Overload resolution simplification
maurizio cimadamore
maurizio.cimadamore at oracle.com
Sat Aug 10 10:41:13 PDT 2013
On 10-Aug-13 5:50 PM, Zhong Yu wrote:
> I'd appreciate that very much! The map() overloading use case wouldn't
> be rare in practice. People will feel bad if javac cannot see that the
> lambda parameter type is obviously fixed.
While I'm sympathetic with this position, this would mean that stuff like
IntStream map(IntFunction<T>)
<Z> Stream<Z> map(Function<T, Z>)
map(x->1);
would work, while the following 'static' variant:
<U> IntStream map(Stream<U> s, IntFunction<U>)
<U, V> Stream<V> map(Stream<U>, Function<U, V>)
Stream<String> ss = ...
map(ss, x->1);
Would _not_ work. And it feels a bit weird - if the first case is deemed
important, the second is equally important - it's just same example in a
different style.
Then I guess next step would be to say - obviously javac can see what
'U' is by looking at the input stream. Which is essentially where we
were: in this case instantiating U is fine but there are cases
(Comparators.comparing) where it's not ok. And it seems like not
everybody is comfortable in making those subtle distinctions.
It's obviously a problem of 'where to draw the line'. But there are
advantages in scaling back a bit and give up a bit of expressiveness as
the model you get is much simpler to explain and so are its boundaries.

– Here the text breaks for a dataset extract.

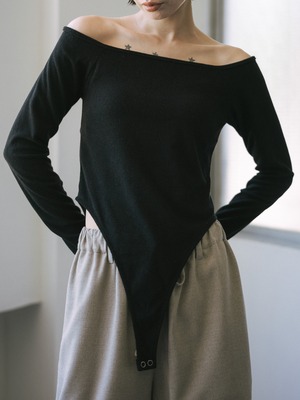 pile offshoulder bodysuit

This property is not to be underestimated.
Note that the 'same parameter' rule you are advocating for requires
global reasoning: to see whether a lambda can be type-checked you have
to consider all matching signatures and see if they impose same
parameter on the implicit lambda. This can be trivial to see in simple
examples (such as map) - but what if the example is more convoluted?
I.e. many overloads? Or different sam types using different ordering for
type parameters i.e.
Function1<X, Y> {
Y apply(X x)
}
Function2<X, Y> {
X apply(Y x)
}
I believe that in such cases (or even more complex ones with nested SAM
types as type-parameters) we'll be essentially at compiler's mercy -
i.e. it would be very hard to judge whether a method call would succeed
w/o trying it first on javac. And that's bad too.